Tra gli obiettivi fissati figura in primo luogo la promozione delle candidature femminili nelle organizzazioni regionali o internazionali e l'aumento al 40% della quota femminile nel Pool di esperti svizzeri. La Confederazione si impegna inoltre a rafforzare la prevenzione della violenza sessuale e a favorire l'invio di osservatori speciali nei paesi più a rischio.
«Non mi azzarderei a dire che la strategia elvetica potrà cambiare la vita quotidiana delle donne in Afghanistan o in Congo», ammette Ursula Keller. «Ma si tratta comunque di un impegno forte da parte dell'amministrazione elvetica e va salutato favorevolmente».
A dieci anni dall'adozione della risoluzione 1325 molto resta ancora da fare. Una cosa però è certa: «la costruzione della pace è un compito che spetta a tutta l'umanità», conclude Elisabeth Decrey-Warner. Per riuscire nel loro intento, «le donne devono iniziare a lottare per tutti e non solo per le altre donne». Perché anche se la guerra colpisce diversamente l'altra metà del cielo, ciò non significa che non coinvolga tutti, donne e uomini indistintamente.
Donne, pace e sicurezza
Il 31 ottobre 2000, il Consiglio di sicurezza dell'ONU ha varato la risoluzione 1325 sulle donne, la pace e la sicurezza.

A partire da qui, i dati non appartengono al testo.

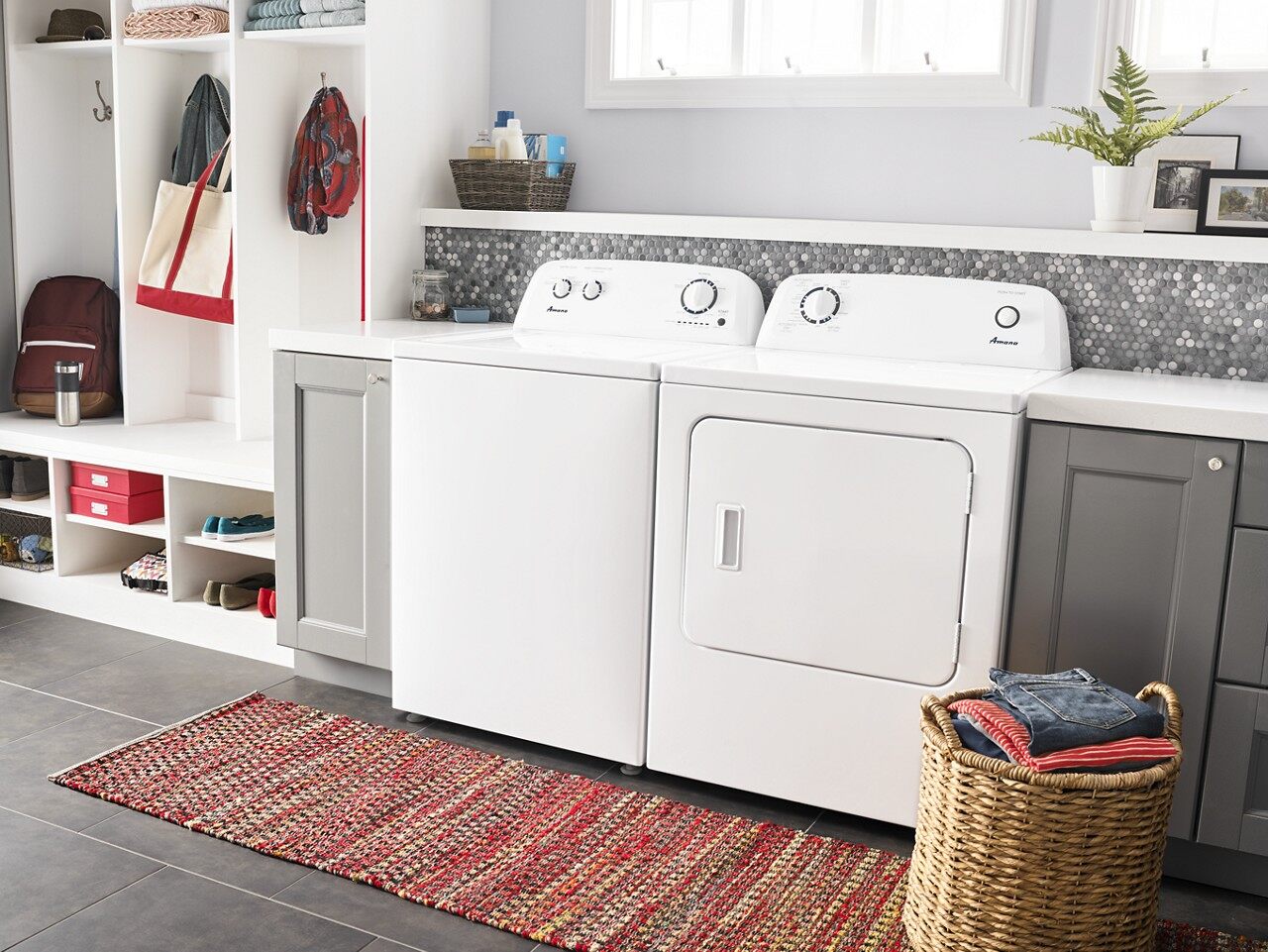 Lifestyle shot of Amana top load washer and matching dryer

Il documento stipula tre obiettivi principali:
- Rafforzare la partecipazione delle donne nei processi decisionali di promozione della pace;
- Migliorare la prevenzione della violenza specifica di genere e salvaguardare le esigenze e i diritti delle donne durante e dopo i conflitti armati;
- Adottare un comportamento sensibile all'uguaglianza tra i sessi in tutti i progetti e i programmi di promozione della pace.
Oltre agli Stati membri, al Consiglio di sicurezza e al Segretariato generale dell'ONU, tutte le parti coinvolte in conflitti armati e tutti gli attori impegnati nella promozione della pace sono invitati ad applicare la risoluzione.
Le donne nei conflitti armati
Secondo le stime delle Nazioni Unite, il 90% delle vittime dei conflitti armati sono civili, in gran parte donne e bambini.
Un secolo fa erano essenzialmente soldati e membri del personale militare.
Anche se è l'intera comunità a soffrire le conseguenze di una guerra, sono principalmente le donne e le bambine ad essere toccate, a causa del loro statuto sociale e del loro sesso.
Spesso sono vittime di abusi sessuali sistematici, come tattica di guerra.
L'assassinio, la schiavitù sessuale, la gravidanza e la sterilizzazione forzata rappresentano altre forme di violenza verso le donne in un contesto di conflitto armato.
Ciononostante, le donne non devono soltanto essere percepite come vittime di guerra. Assumono infatti un ruolo chiave nell'assicurare la sopravvivenza della loro famiglia durante i peridi difficili e sono attive nei movimenti di difesa e promozione della pace.
Restano tuttavia assenti dai negoziati di pace.